Last but not least, Hayden Ludwig, writing for the Washington Examiner, explains that charitable contributions increase as growth increases.

Liberal groups such as the National Council of Nonprofits claim that the plan will be “disastrous” for charities… The thrust of the Left’s argument is that allowing Americans to keep more of their money makes them stingier, and high taxes are needed to force Americans to take advantage of charitable tax write-offs. It’s ironic that anyone in the nonprofit sector, which is built entirely on the generosity of individuals and corporations, can argue that higher taxes encourage charity – or that charity needs to be legislated. …if the Left’s argument about tax incentives is true, we should see sharp declines in charitable donations after every tax cut in U.S. history. We don’t. According to a 2015 report in the Chronicle of Philanthropy, individuals’ charitable giving rose four percent in 1965 and more than two percent in 1966, following the Kennedy and Johnson tax cuts of 1964 and 1965, respectively. Between the Reagan tax cuts in 1981 and 1986, individual giving rose a whopping 21 percent from $119.7 billion to $144.9 billion. By 1989, individual giving grew another 4.7 percent. …The reason is simple: Prosperity and generosity are inextricably linked.

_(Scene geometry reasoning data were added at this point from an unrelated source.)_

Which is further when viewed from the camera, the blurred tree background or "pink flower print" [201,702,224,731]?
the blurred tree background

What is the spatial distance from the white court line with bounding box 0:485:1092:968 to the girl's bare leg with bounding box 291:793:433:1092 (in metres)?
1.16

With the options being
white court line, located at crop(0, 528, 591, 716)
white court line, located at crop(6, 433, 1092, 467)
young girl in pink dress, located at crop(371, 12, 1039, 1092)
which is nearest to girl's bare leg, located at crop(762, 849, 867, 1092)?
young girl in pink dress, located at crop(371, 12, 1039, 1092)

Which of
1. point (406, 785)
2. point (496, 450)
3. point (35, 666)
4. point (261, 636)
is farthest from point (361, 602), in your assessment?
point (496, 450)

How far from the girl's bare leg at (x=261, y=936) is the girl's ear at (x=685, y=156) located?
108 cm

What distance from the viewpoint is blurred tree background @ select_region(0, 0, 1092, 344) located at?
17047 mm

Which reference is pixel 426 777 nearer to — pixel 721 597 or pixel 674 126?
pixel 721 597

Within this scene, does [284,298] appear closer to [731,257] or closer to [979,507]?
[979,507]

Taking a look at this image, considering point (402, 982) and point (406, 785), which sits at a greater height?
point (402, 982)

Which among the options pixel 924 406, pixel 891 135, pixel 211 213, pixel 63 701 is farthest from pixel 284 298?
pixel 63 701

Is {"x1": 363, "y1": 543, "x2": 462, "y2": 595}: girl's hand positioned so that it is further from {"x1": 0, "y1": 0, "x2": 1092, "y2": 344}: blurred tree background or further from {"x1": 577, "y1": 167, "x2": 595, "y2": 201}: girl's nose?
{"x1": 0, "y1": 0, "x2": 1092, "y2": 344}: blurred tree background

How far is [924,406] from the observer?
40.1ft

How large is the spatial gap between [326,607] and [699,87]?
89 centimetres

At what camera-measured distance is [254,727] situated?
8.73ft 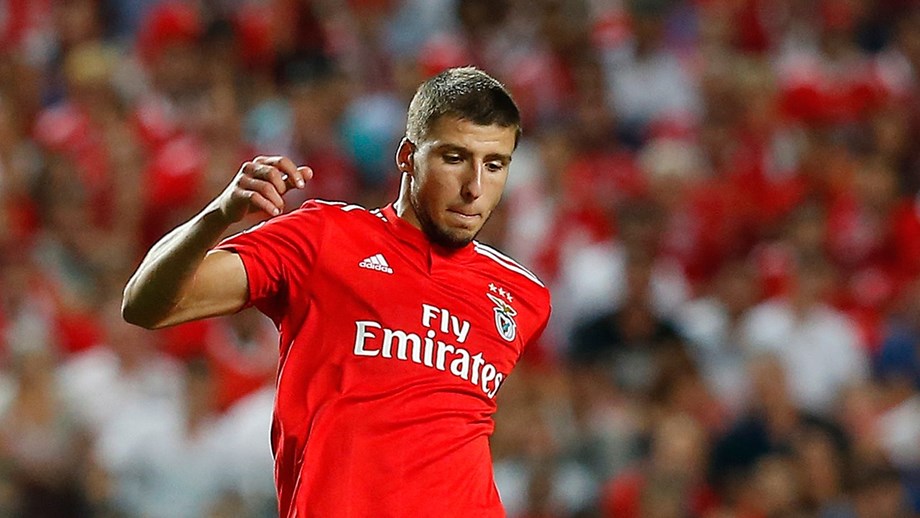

Amen. Make America more prosperous and two things will happen.

Fewer people will need charity and more people will be in a position to help them.

I’ll conclude by noting that the charitable deduction is the itemized deduction I would abolish last. Not because it is necessary, but because it doesn’t cause macroeconomic harm. The state and local tax deduction, by contrast, is odious and misguided because it subsidizes bad policy and the home mortgage interest deduction is harmful since it is part of a tax code that tilts the playing field and artificially lures capital from business investment to residential real estate.

Things to keep in mind for the next round of tax reform.